= Work instruction =
Find the line in the entries below that contains "Ježek Sonic 2". Repeat it exactly, and every line after it through the line that contains "Піна для гоління".

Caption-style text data
= Beginning of Section =

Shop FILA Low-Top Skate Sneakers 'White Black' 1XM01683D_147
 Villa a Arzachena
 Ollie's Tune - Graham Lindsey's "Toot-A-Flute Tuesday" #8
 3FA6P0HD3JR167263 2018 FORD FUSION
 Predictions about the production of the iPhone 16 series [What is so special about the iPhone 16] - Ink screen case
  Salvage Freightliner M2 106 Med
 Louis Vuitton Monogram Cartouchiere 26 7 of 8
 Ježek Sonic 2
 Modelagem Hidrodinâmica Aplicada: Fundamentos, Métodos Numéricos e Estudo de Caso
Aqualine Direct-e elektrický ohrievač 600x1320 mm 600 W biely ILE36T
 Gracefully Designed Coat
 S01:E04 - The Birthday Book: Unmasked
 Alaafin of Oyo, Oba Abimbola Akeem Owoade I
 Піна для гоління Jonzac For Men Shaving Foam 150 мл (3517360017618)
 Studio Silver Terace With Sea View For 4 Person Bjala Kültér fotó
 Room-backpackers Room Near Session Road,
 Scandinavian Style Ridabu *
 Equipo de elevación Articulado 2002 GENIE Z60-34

= End of Section =

= Solution for this task =
 Ježek Sonic 2
 Modelagem Hidrodinâmica Aplicada: Fundamentos, Métodos Numéricos e Estudo de Caso
Aqualine Direct-e elektrický ohrievač 600x1320 mm 600 W biely ILE36T
 Gracefully Designed Coat
 S01:E04 - The Birthday Book: Unmasked
 Alaafin of Oyo, Oba Abimbola Akeem Owoade I
 Піна для гоління Jonzac For Men Shaving Foam 150 мл (3517360017618)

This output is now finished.